Any SME that’s been involved in litigation large or small should be familiar with the importance courts place on considering alternative dispute resolution (ADR) as well as attempts to resolve disputes both before and after proceedings have been commenced generally.
Courts at all levels have had the power to penalise a party’s unreasonable refusal to mediate for many years. A good example of that in action is a May 2024 judgment in which a judge reduced a successful defendant’s costs by 25% after it had ignored a pre-action offer to mediate, unreasonably rejected a further offer to mediate and then gone on to effectively ignore strong judicial encouragement to try to settle given on the first day of the trial.
Despite those powers, and judges frequently indicating that they think parties should try to settle, a big question remained around whether courts could go further than encouraging mediation and compel parties to attempt settlement.
That question was answered with a resounding ‘yes’ in late 2023, when the Court of Appeal held that a court can order parties to engage in non-court resolution processes provided that doing so will not impair either side’s right to proceed to a judicial hearing, and the process ordered is proportionate to the legitimate aim of settling the dispute fairly, quickly and at a reasonable cost.

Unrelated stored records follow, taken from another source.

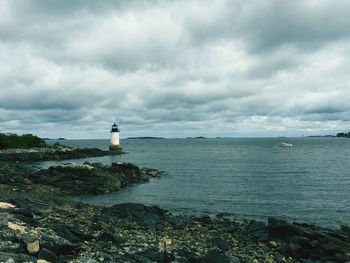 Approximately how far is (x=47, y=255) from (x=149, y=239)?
16.7 ft

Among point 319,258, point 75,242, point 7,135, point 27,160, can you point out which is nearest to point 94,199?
point 75,242

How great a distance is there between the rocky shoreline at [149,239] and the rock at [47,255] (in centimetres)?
3

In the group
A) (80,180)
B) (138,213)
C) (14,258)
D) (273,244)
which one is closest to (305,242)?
(273,244)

Changes to the court’s rules to reflect this across the board are now in train.
Small claims
All defended claims for under £10,000 in the county court (with some exceptions) are now referred to mediation.
These referrals are likely to catch many of the lower value debt recovery claims SMEs typically issue as part of their credit control process so it makes sense to pre-empt what will follow and take a constructive view on pre-issue attempts to settle claims where defences are expected given the time and costs that could save, particularly as it’s currently taking about 50 weeks for small claims to get to trial.
In addition to the potential for saving time and costs, ADR (which can include straightforward negotiations without the need for mediators or lawyers) has a history or preserving, and sometimes recovering, commercial relationships – particularly where discussions are conducted by senior staff who are not directly involved in the minutiae of the issues and can bring some commercial detachment to them.
Pre-action settlement discussions are also useful in long term supply arrangements and projects where thought should be given to including contractual dispute resolution provisions which set out and mandate agreed pre-action steps that have to be taken before one side can sue the other.
Small claims mediations are referred to Small Claims Mediation Service which uses trained mediators to provide a free mediation conducted by telephone that usually takes an hour. Businesses will need to take a view on whether that will be suitable for specific cases and bear in mind that the court has the power to impose sanctions for a failure to attend a mediation appointment as well as to penalise unreasonable conduct in relation to the mediation itself. They should also think about training staff to deal with mediations if they are likely to get involved in them regularly.
Other claims
All claims over £10,000 (and those for less than that) will be caught by changes to the court’s rules that will become effective on 1 October 2024.
The changes modify the rules’ overriding objective (that the court and litigants have to follow) in two ways. First, by including “promoting or using alternative dispute resolution” as a way for the court to deal with cases “justly and at proportionate cost”. Second, and significantly, by putting the question of what a court can order beyond doubt by augmenting the current power to encourage the use of ADR and with an express power to order them to use it.